[Instructions for the task]: What is needed is an exact copy of the lines from the line holding "Top view of" through the end of the material, with no other lines and no pictures.

[Recorded information]:
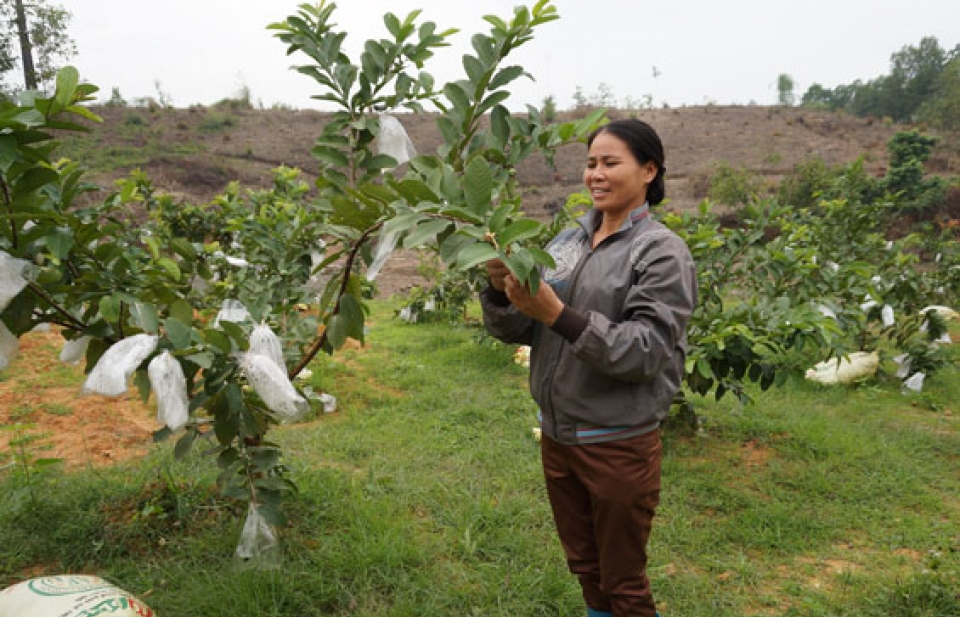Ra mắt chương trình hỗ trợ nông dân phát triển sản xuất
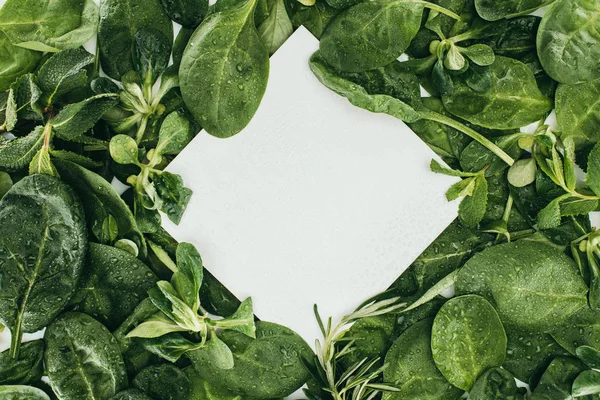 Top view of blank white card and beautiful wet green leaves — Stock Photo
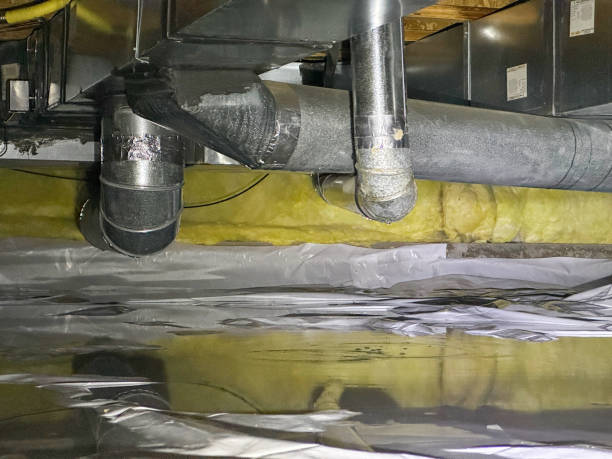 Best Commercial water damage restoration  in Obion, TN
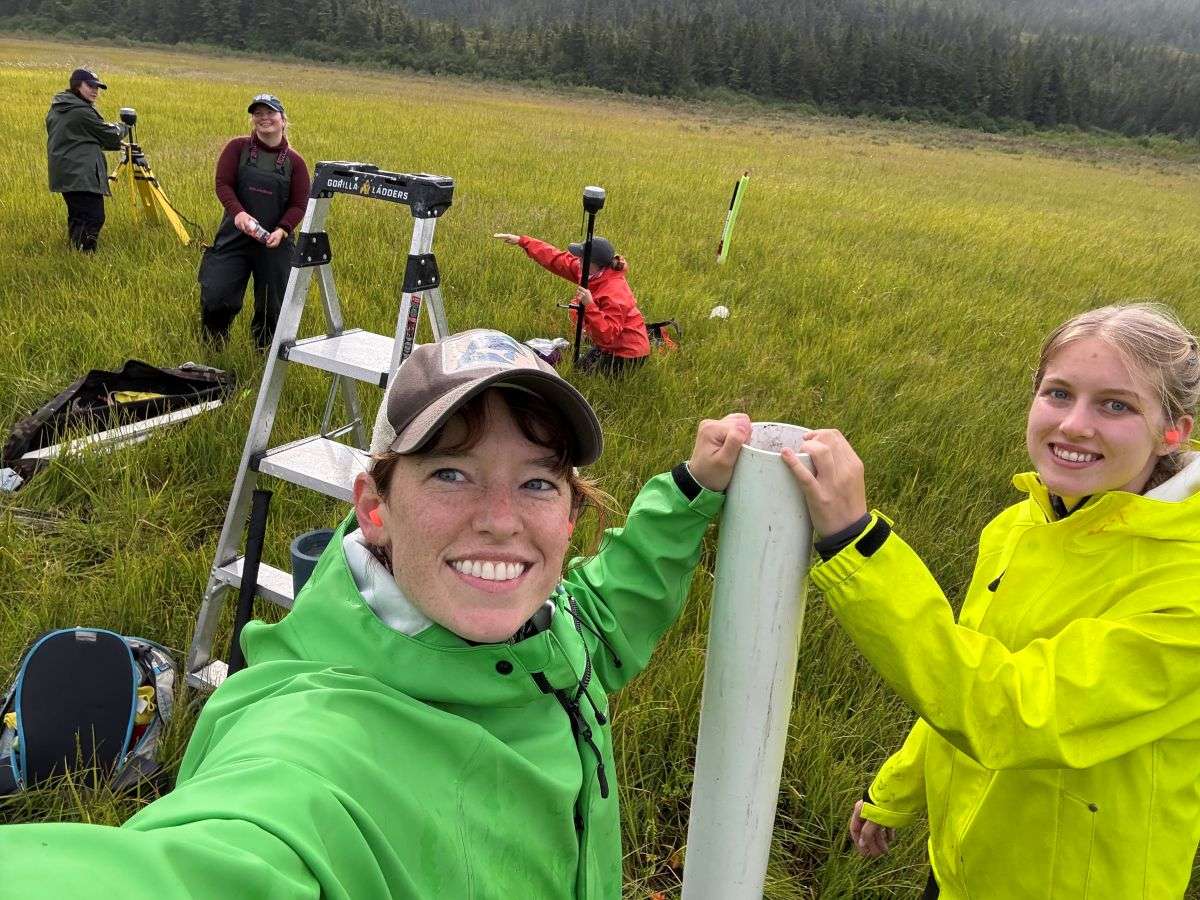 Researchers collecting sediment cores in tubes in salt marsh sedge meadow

[Expected answer]:
 Top view of blank white card and beautiful wet green leaves — Stock Photo
 Best Commercial water damage restoration  in Obion, TN
 Researchers collecting sediment cores in tubes in salt marsh sedge meadow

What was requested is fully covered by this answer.